WORK TO BE COMPLETED => What you return must match the records below exactly, apart from the omitted pictures.

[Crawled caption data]
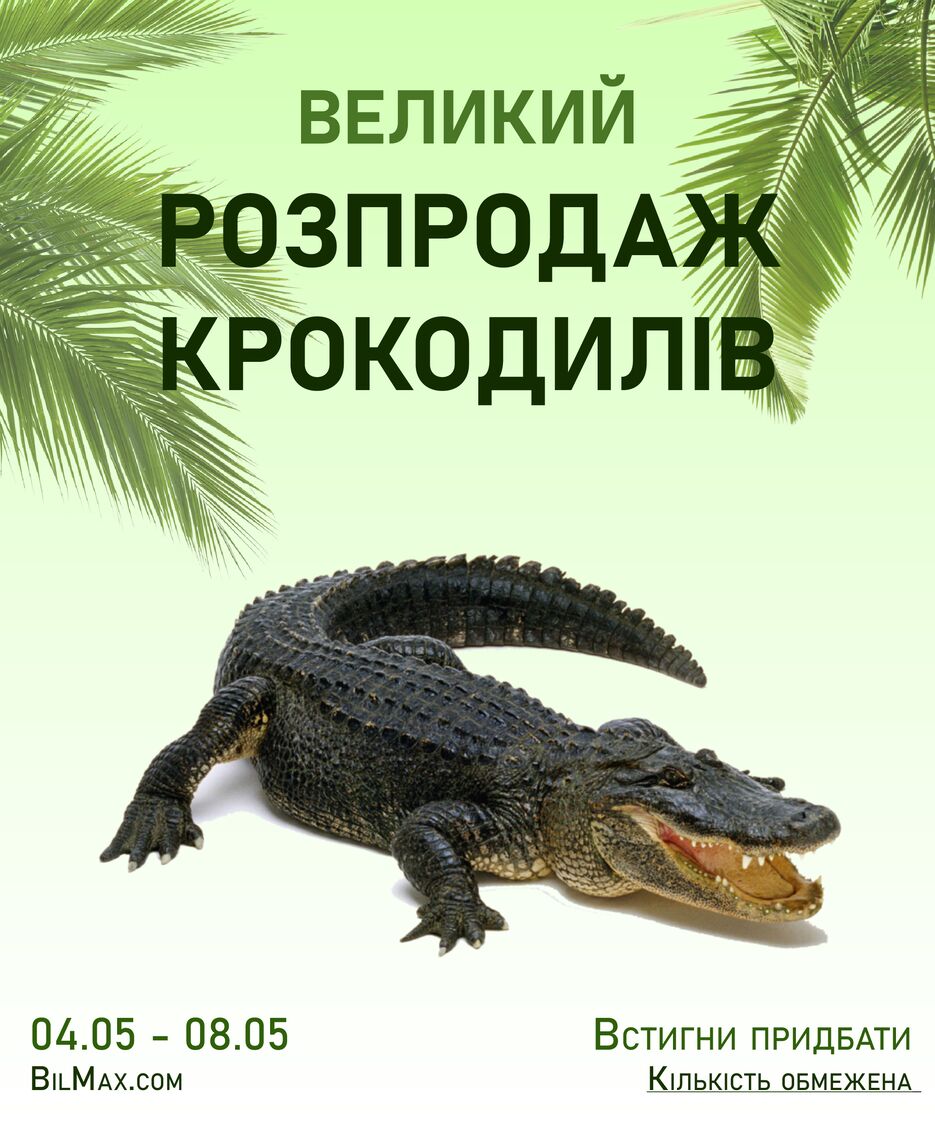 банер-01.png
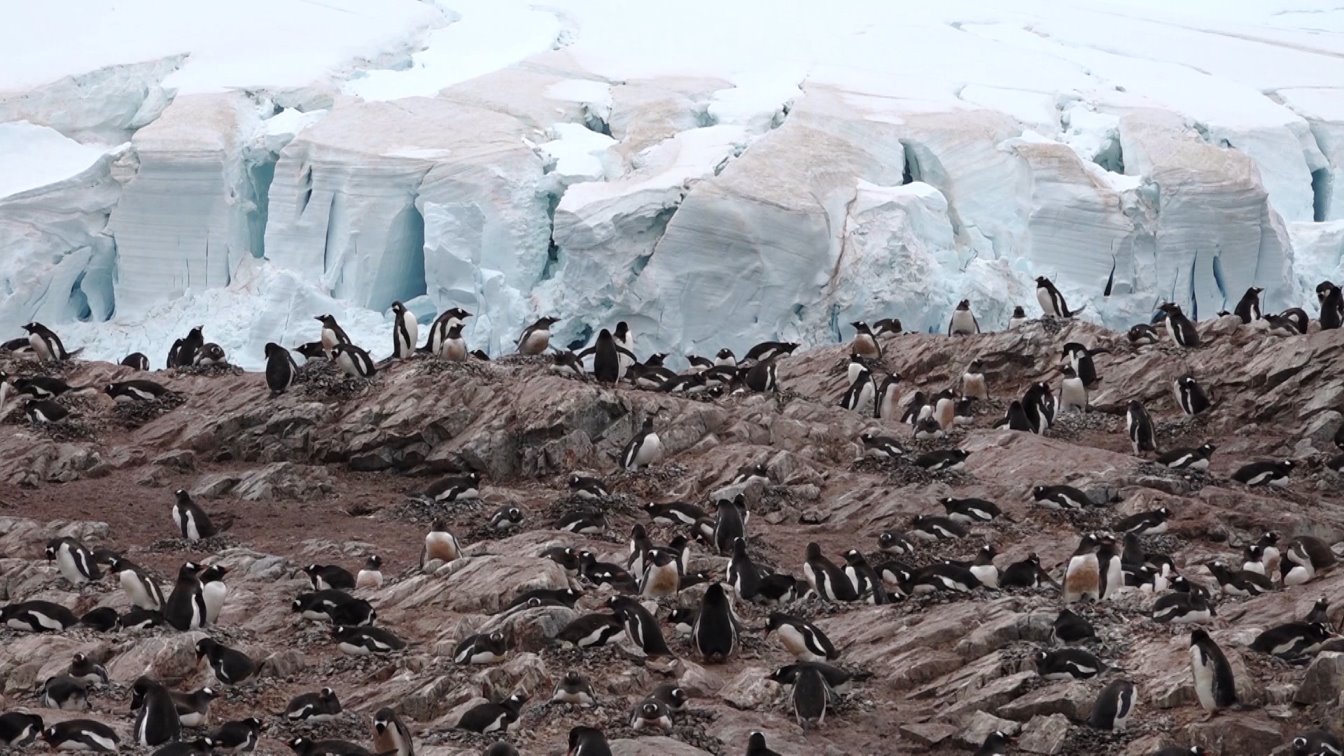 Eselspinguine auf ihrem Brutplatz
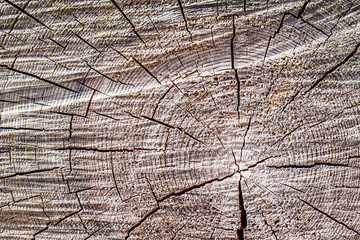 Fototapeta premium The texture of the cross-section of a log with cracks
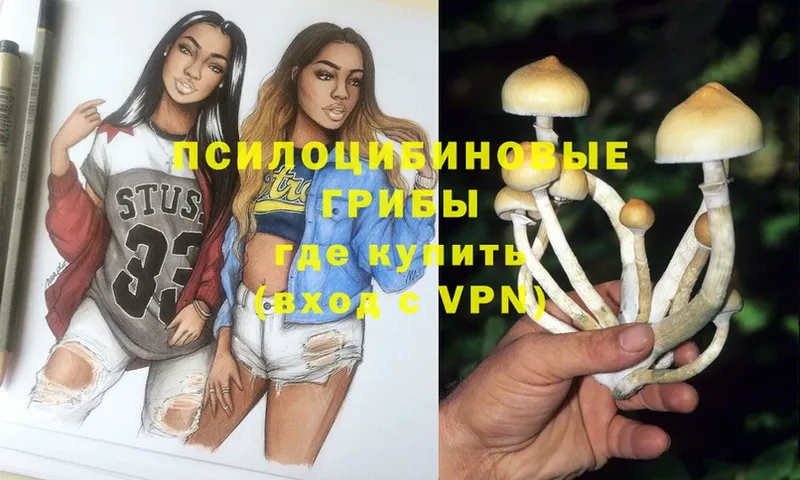 Галлюциногенные грибы MAGIC MUSHROOMS  Валуйки 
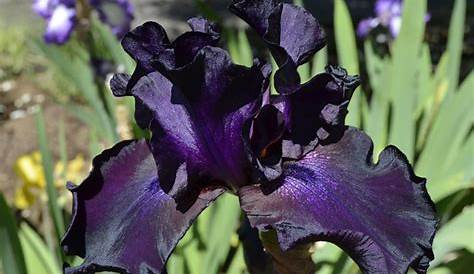 Iris Noir Fleur Photo Stock. Image Du Beau, Soyez, , Beauté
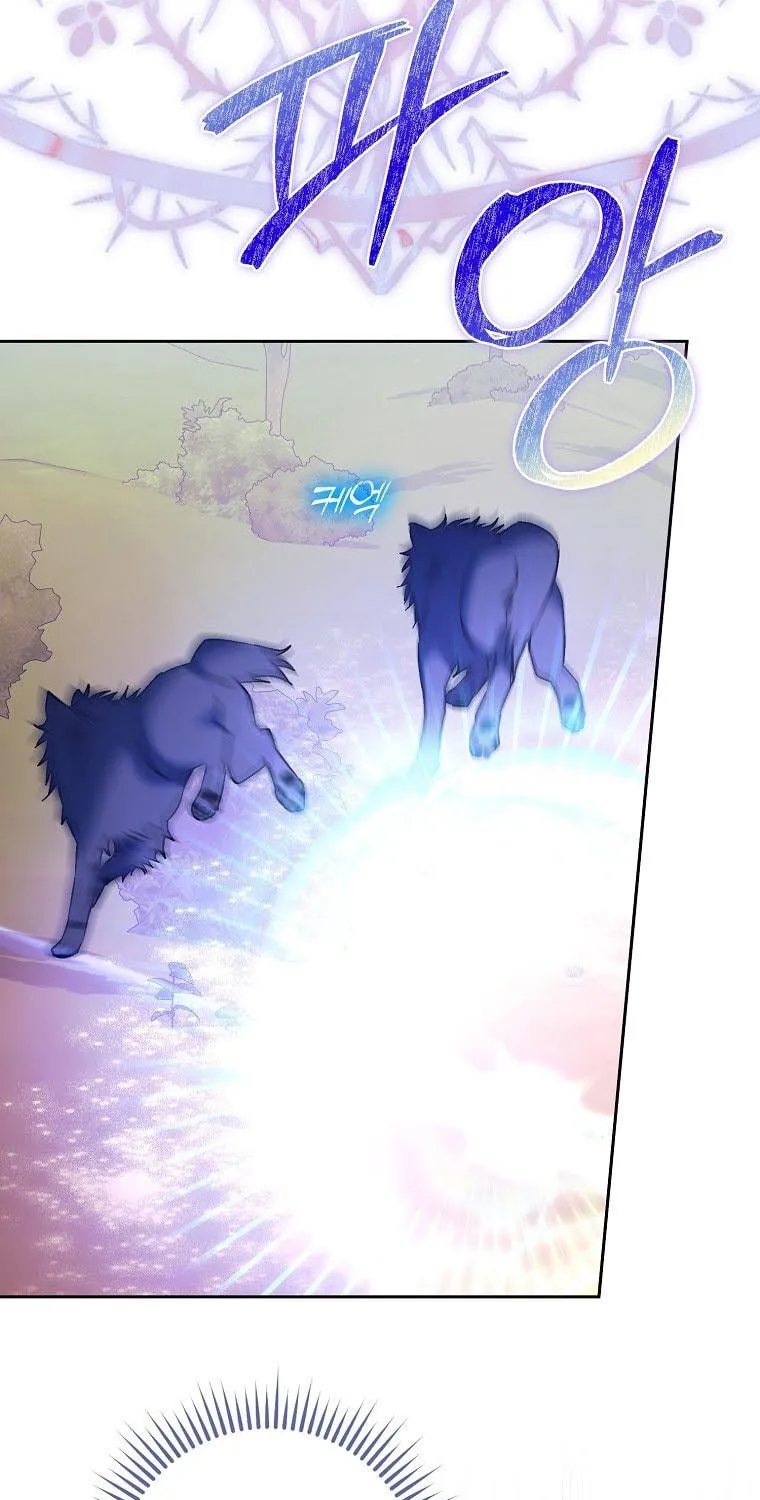 An Extra Stole the Male Leads Chapter 10 page 95 -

EXPECTED OUTPUT =>
 банер-01.png
 Eselspinguine auf ihrem Brutplatz
 Fototapeta premium The texture of the cross-section of a log with cracks
 Галлюциногенные грибы MAGIC MUSHROOMS  Валуйки 
 Iris Noir Fleur Photo Stock. Image Du Beau, Soyez, , Beauté
 An Extra Stole the Male Leads Chapter 10 page 95 -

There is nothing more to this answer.